Route Matching Algorithm¶
- Check if event realm matches route realm
- Check if route has matchers and if event type is accepted
- For matching routes: serialize once per serializer, send to all destinations
- Use virtual threads for parallel destination delivery
- Apply retry if configured
Threading Model¶
Thread Stages¶
| Stage | Thread Type | Description |
|---|---|---|
| Event Reception | Keycloak transaction thread | Event received from Keycloak |
| Transaction Commit | Same thread | Triggers event processing |
| Event Processing | Virtual thread per route | Parallel destination delivery |
| Destination Pooling | ThreadLocal | Thread-safe client reuse |
Virtual Threads¶
- Used for parallel destination delivery
- Executor created in
ProviderFactory.run() - Executor:
Executors.newVirtualThreadPerTaskExecutor()

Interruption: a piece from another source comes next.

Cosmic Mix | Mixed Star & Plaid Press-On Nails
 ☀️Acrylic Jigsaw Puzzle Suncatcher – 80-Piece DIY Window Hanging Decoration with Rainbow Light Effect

Performance Optimizations¶
1. Matcher Result Caching¶
- Cache in
Route.accept() - Max 1,000 entries per route
- Cache key: eventType string
- O(1) lookup after first match
2. Template Result Caching¶
- Cache in TemplateUtils
- Max 10,000 entries
- Cache key: template + message properties
- Reduces string interpolation overhead
3. Serializer Singletons¶
- All serializers are SINGLETON scoped
- ObjectWriter instances are thread-safe
- One serializer instance shared across routes
4. Destination Pooling¶
All destinations use Apache Commons Pool2 for connection/client pooling. This is a deliberate architectural decision to ensure consistency, maintainability, and predictable behavior across all destination types.
Why Standardized Pooling?¶
- Virtual Thread Compatibility: ThreadLocal-based approaches cause unbounded connection growth with virtual threads (fire-and-forget threads don't trigger cleanup)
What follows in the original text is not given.